Records provided Start Marker

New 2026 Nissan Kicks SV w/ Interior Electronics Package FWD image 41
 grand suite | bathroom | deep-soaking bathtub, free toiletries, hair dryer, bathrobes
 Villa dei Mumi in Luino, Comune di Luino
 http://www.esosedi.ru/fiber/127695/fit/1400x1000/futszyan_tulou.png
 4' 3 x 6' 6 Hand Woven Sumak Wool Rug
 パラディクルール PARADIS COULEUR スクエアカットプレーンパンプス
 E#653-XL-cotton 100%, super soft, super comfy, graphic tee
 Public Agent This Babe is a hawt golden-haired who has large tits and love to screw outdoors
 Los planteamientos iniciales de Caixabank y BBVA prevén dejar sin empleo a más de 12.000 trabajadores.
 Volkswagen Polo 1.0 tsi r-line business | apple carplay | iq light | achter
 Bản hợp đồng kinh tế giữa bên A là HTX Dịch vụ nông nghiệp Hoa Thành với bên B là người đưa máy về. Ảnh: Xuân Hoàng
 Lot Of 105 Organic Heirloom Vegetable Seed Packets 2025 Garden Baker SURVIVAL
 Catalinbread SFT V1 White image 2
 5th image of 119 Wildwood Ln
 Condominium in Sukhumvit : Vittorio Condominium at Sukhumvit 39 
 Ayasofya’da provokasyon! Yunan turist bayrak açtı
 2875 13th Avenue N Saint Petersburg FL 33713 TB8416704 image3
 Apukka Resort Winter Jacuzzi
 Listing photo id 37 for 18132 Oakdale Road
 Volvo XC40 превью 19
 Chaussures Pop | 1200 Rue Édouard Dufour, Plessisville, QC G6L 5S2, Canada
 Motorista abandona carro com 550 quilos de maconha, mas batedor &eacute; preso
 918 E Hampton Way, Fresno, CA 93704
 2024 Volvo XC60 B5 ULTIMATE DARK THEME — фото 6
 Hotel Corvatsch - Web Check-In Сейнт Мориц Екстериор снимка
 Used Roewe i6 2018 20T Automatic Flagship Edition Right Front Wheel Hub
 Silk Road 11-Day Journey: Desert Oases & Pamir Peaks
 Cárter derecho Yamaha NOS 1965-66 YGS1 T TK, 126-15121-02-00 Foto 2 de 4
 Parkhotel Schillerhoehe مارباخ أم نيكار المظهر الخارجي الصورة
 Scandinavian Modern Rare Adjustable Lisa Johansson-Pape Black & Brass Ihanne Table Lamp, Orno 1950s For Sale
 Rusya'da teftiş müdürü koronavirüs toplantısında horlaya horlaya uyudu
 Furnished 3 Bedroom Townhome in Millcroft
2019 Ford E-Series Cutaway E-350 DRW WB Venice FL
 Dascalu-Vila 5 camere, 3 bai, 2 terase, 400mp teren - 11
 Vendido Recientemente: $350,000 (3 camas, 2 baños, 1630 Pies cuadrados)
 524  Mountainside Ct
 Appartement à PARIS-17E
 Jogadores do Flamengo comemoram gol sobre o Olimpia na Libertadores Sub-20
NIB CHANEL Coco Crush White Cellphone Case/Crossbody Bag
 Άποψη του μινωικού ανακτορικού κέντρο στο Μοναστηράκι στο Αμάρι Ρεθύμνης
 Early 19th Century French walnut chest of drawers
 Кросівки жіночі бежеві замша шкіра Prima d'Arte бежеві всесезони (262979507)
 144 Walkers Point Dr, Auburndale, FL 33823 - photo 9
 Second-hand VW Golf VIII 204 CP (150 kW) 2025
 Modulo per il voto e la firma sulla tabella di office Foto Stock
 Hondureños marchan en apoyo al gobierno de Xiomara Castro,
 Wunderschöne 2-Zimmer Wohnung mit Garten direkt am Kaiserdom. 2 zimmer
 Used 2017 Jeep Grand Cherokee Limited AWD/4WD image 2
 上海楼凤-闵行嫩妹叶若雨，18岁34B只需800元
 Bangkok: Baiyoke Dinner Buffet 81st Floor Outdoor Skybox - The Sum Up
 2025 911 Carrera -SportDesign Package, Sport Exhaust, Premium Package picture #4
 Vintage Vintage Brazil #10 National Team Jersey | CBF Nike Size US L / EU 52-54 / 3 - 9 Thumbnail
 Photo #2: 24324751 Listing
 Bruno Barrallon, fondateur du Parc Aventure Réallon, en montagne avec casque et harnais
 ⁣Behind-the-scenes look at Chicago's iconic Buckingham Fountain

Records provided End Marker

What the exercise asks
All lines above between those holding "Volkswagen Polo 1.0" and "Silk Road 11-Day", inclusive, must be set down unchanged, and no other line may be included.

Solution
 Volkswagen Polo 1.0 tsi r-line business | apple carplay | iq light | achter
 Bản hợp đồng kinh tế giữa bên A là HTX Dịch vụ nông nghiệp Hoa Thành với bên B là người đưa máy về. Ảnh: Xuân Hoàng
 Lot Of 105 Organic Heirloom Vegetable Seed Packets 2025 Garden Baker SURVIVAL
 Catalinbread SFT V1 White image 2
 5th image of 119 Wildwood Ln
 Condominium in Sukhumvit : Vittorio Condominium at Sukhumvit 39 
 Ayasofya’da provokasyon! Yunan turist bayrak açtı
 2875 13th Avenue N Saint Petersburg FL 33713 TB8416704 image3
 Apukka Resort Winter Jacuzzi
 Listing photo id 37 for 18132 Oakdale Road
 Volvo XC40 превью 19
 Chaussures Pop | 1200 Rue Édouard Dufour, Plessisville, QC G6L 5S2, Canada
 Motorista abandona carro com 550 quilos de maconha, mas batedor &eacute; preso
 918 E Hampton Way, Fresno, CA 93704
 2024 Volvo XC60 B5 ULTIMATE DARK THEME — фото 6
 Hotel Corvatsch - Web Check-In Сейнт Мориц Екстериор снимка
 Used Roewe i6 2018 20T Automatic Flagship Edition Right Front Wheel Hub
 Silk Road 11-Day Journey: Desert Oases & Pamir Peaks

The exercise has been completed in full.